3/25/07

Wind power plan for lake gains speed
By: Mark W Adams


You might have Ohio's worst Congress Critter representing you, but mine, Marcy Kaptur, is one of the best. Just look what she's doing for us.

toledoblade.com --
Wind power plan for lake gains speed;
efforts totaling over $1M seek to win new industry:

Photo Sharing and Video Hosting at Photobucket

Last time I saw Congresswoman Kaptur, she was introducing John Edwards at the Seagate Tower in Toledo. Definitely two people on the same page.

By TOM HENRY
BLADE STAFF WRITER

More than $1 million could be spent in the coming months pursuing offshore wind power in Lake Erie, even though the region just lost out on a bid to have East Toledo host the nation’s first testing laboratory for offshore wind turbine blades.

A $250,000 wildlife study, funded by a grant the Toledo-Lucas County Port Authority obtained from U.S. Rep. Marcy Kaptur (D., Toledo), recently began along the western Lake Erie shoreline.

The goal of that study is to get the region’s clean energy and wildlife proponents on the same page over the risks posed to birds and bats.

The next phase would involve putting two or three wind turbines along the western Lake Erie shoreline as early as the summer of 2008 to see just how lethal the devices might be.

Sites have not been selected, but they likely would be between Toledo and Lorain, Ohio.

The turbines themselves would cost several more million dollars, said Steve Watts, wind programs manager for Green Energy Ohio, a nonprofit group coordinating the study.

Called the Northwest Ohio Coastal Wind Initiative, the study looms big for a region looking toward renewable energy for jobs.
Marcie: headed into the wind! We sit in the path of migratory birds (who have more sense than us and go on vacation when the snow flies up here).

The study Representative Kaptur is funding will coordinate our renewable energy folks with the wildlife conservationists who would prefer our wind turbines don't create diced squab.

One word: Outstanding!
Miss Kaptur, who was in Washington, said during a telephone interview that northwest Ohio’s wildlife issue will be researched adequately by the port authority study.

The region is “absolutely headed into the wind,” she said.

“We have a massive industry to give birth to here,” she said. “God gave us the resource. We just have to capture it.”

The Toledo Zoo is one of several new sites under negotiation for installation of tower gauges to help measure the region’s wind velocity, Mr. Watts said.

The upcoming research is in addition to a $1 million grant Miss Kaptur secured last year for the wind-wildlife issue to be studied at Bowling Green State University’s Firelands campus in Huron, Ohio, via the construction of one or two wind turbines.
For some true inside baseball stuff, read Today's OpEd by Marci Kaptur herself.

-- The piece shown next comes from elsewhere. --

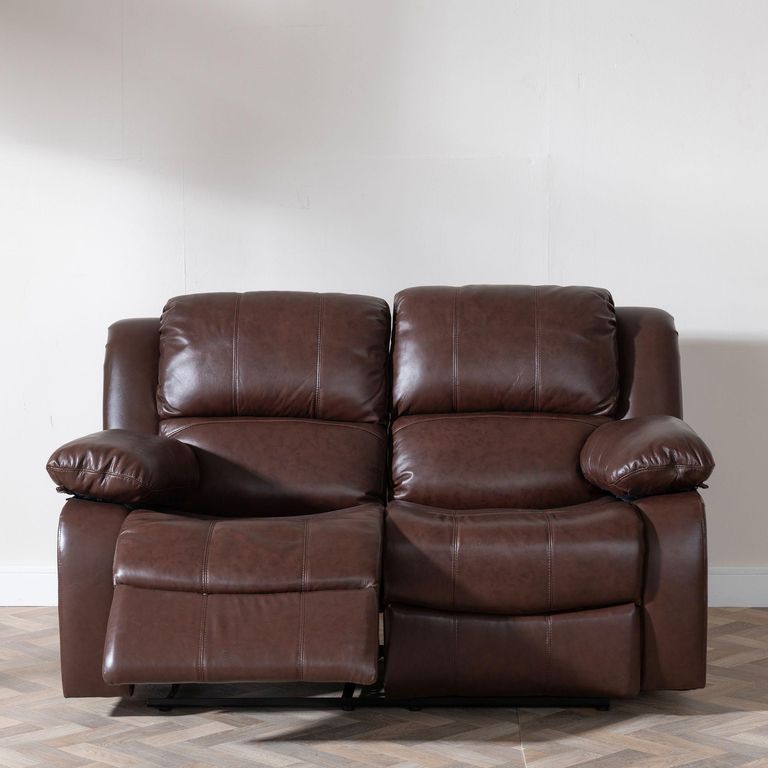 London Brown Leather 2 Seater Recliner Sofa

She's right in the middle of the Walter Reed investigation and when the Republicans chide us about the "pork" in the defense bill, note what kind of pork Kaptur included:
Just in this defense bill, I was successful in arguing for over $800 million dollars in support of serious brain injury, PTSD, and neuro-psychiatric care for our returning veterans.
This state could really use some more Kapturs and less Jean Schmits and John Boehners. Don't you agree?

5 Comments:

BruceMcF said...

Hey, now, don't you go calling Tim Ryan America's worst Congress critter, I happen to like him.

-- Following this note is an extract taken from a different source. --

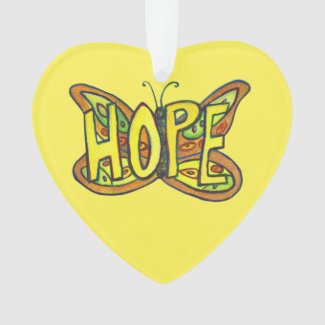 Hope Butterfly Word Art Gift Holiday Ornament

But, yeah, this is pretty darn good!

Down the track when all the Great Lakes are pulling together, we are not talking Gigawatts ... we are talking Terawatts, which is so many I always have to look up how many it is. And as shallow as Lake Erie is, that makes it the natural place to start, because its possible to lay a line heading out from shore and keep putting up wind generators to the Canadian border. ...

... which makes Cleveland and Toledo natural foundation stones for the Great Lakes wind generating industries.

Ara said...

I just got done reading Wedding of the Waters, a history of the Erie Canal. It made a huge impact on the development of the global Industrial Revolution.

And now this!

I like it that someone in Congress is thinking about the future.

Anonymous said...

I always thought North Dakota - the whole state - would make a nice windfarm. It's flat, it's windy and we're not really using it for anything else.

BruceMcF said...

Now, my dad was born in South Dakota, so he probably would have enjoyed that.

Both the Dakotas, though, are similar in generating capacity. However the Great Lakes are closer to a substantial amount of the nation's energy use, and so line losses are lower.

Anonymous said...

Fine by me - Dakotastan; the new ME of wind power.